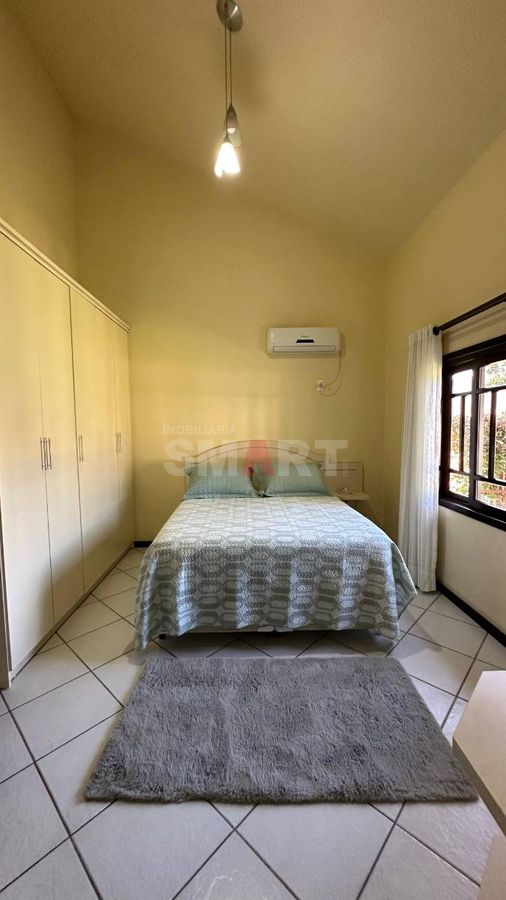 Casa com Suíte + 3 Quartos no Amizade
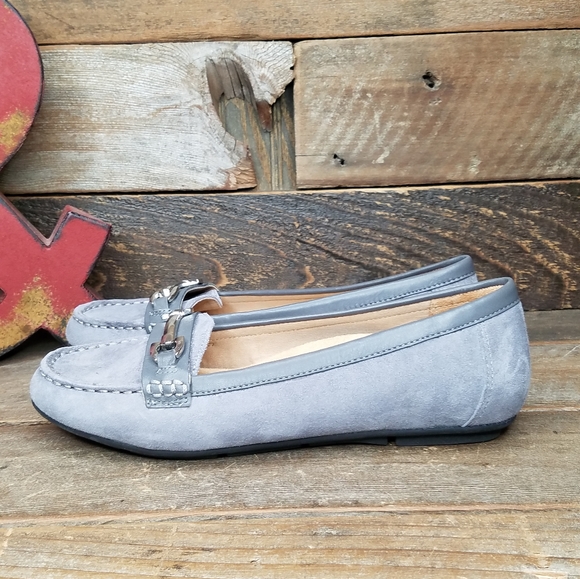 comfortable gray flats
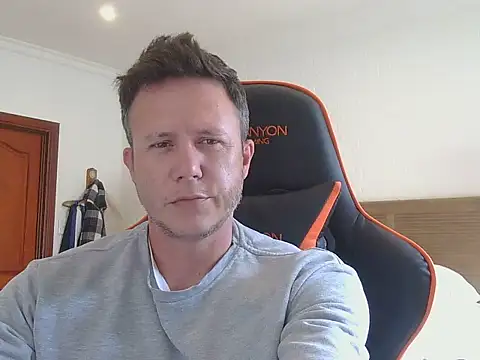 TroyDieselXXX online show from November 7, 9:09 am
--- --- ---
Your goal:
Repeat the material exactly and drop each image.

Response to this exercise:
 Casa com Suíte + 3 Quartos no Amizade
 comfortable gray flats
 TroyDieselXXX online show from November 7, 9:09 am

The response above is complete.